- «La inquina de Pedro Sánchez hacia los empresarios poco tiene que ver con convicciones izquierdistas. Más bien obedece a la chulería del propio personaje»
Por si todavía Feijóo no se había dado por enterado, al parecer también los empresarios le han pedido que haga concesiones al PSOE moderado para ganar las elecciones. Suponiendo que seamos tan ilusos como para dar por acertada esta petición, porque implica renunciar a reformas urgentísimas y a políticas mucho más que necesarias, ¿qué empresarios son esos que piden a Feijóo que haga concesiones al socialismo?
No se sabe a ciencia cierta; desde luego, no con nombres y apellidos. Se entiende o se da a entender que serían los jefes de las grandes corporaciones nacionales. Lo cual, de entrada, ya implica un error. Porque un empresario no es un alto ejecutivo o un miembro del consejo de administración de una gran empresa. Un empresario es otra cosa. Es alguien que tiene una idea y la pone en marcha arriesgando, si es preciso, su propio patrimonio. No es un ejecutivo o consejero a sueldo que de lo suyo, más allá del despido, arriesga poco o muy poco.
Los jefes de las grandes compañías no solo no serían empresarios, sino que desconfiarían de los empresarios auténticos porque, a medio y largo plazo, estos son una potencial amenaza.

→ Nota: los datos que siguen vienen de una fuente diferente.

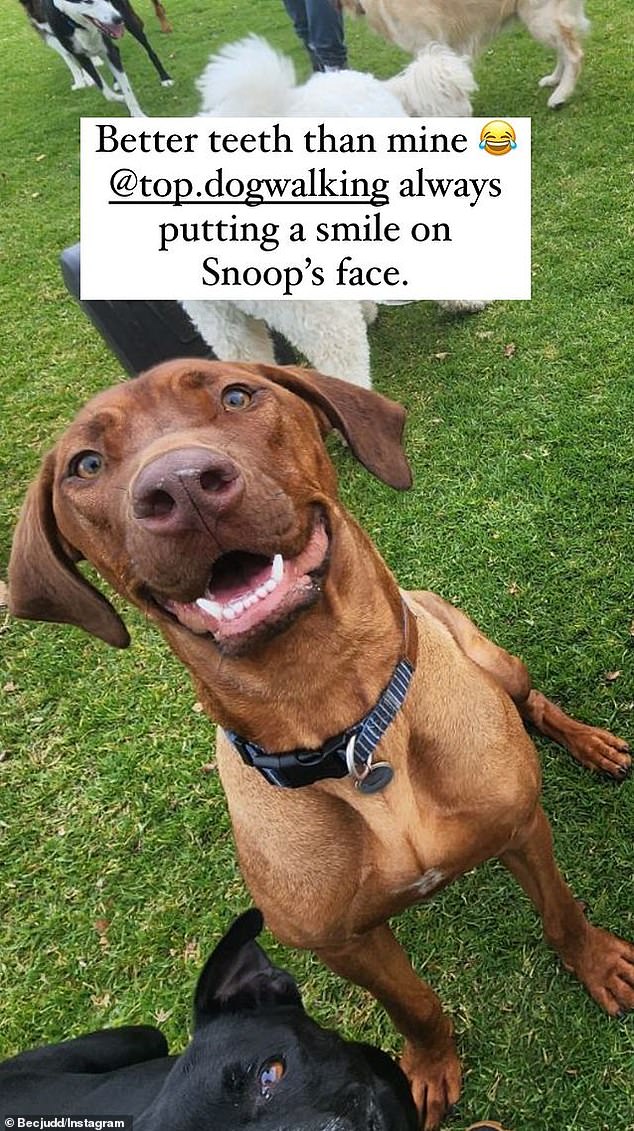Taking to her Instagram stories, the AFL WAG confessed that her dog Snoop has a better smile than her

En una economía de libre acceso, el pequeño empresario de hoy es el gran empresario de mañana; es decir, la competencia. Y la competencia es un incordio. Obliga a esforzarse, a reinvertir buena parte de los beneficios, a seleccionar a los mejores y desprenderse de los peores, aunque sean familia o políticos con servicios prestados. Para evitar la competencia, el Estado español se ha dedicado a disparar leyes como si fuera una metralleta. Y lo ha hecho, por un lado, porque la selva legislativa permite al político ejercer una rentable discrecionalidad y, por otro, porque esa discrecionalidad tiene un precio que alguien estará dispuesto a pagar para obtener una ventaja competitiva. Este es el quid pro quo que antecede a la confluencia de intereses.
Sin embargo, ni en mis peores pesadillas imaginé que los acontecimientos llevarían a España a convertirse en el ejemplo cristalino de cómo ese quid pro quo acabaría alumbrando un sistema de acceso restringido insuperable. Un sistema que reaccionaría con gran virulencia ante cualquier intrusión no autorizada. Y que neutralizaría sistemáticamente toda pretensión de reforma.
«España ha evolucionado hacia un sistema de acceso restringido, en la política y la economía»
Es tan notorio que España, en vez de profundizar en la democracia, ha evolucionado hacia un sistema de acceso restringido, en la política y la economía, que la forma en que los medios de información lo ignoran solo se entiende, precisamente, por las insoslayables dependencias que el propio sistema genera. Si Douglass Cecil North (1920-2015) levantara la cabeza y contemplara nuestro país, quedaría maravillado. Al fin y al cabo, a este economista e historiador estadounidense le debemos haber definido las instituciones como las restricciones humanas con las que han de bregar las interacciones económicas, políticas y sociales. Y también le debemos la distinción entre restricciones formales (leyes y constituciones) e informales (tradiciones, costumbres, dogmas y hábitos sociales).
A partir de los hallazgos de North, la correspondencia entre calidad institucional y desarrollo económico ha estado en el centro del debate económico. Numerosos economistas, y no solo economistas, han argumentado que el deterioro institucional supone una barrera para la prosperidad. Sin embargo, al parecer, cuando se trata de constatar empíricamente la relación entre calidad institucional y prosperidad económica, la evidencia es muy débil.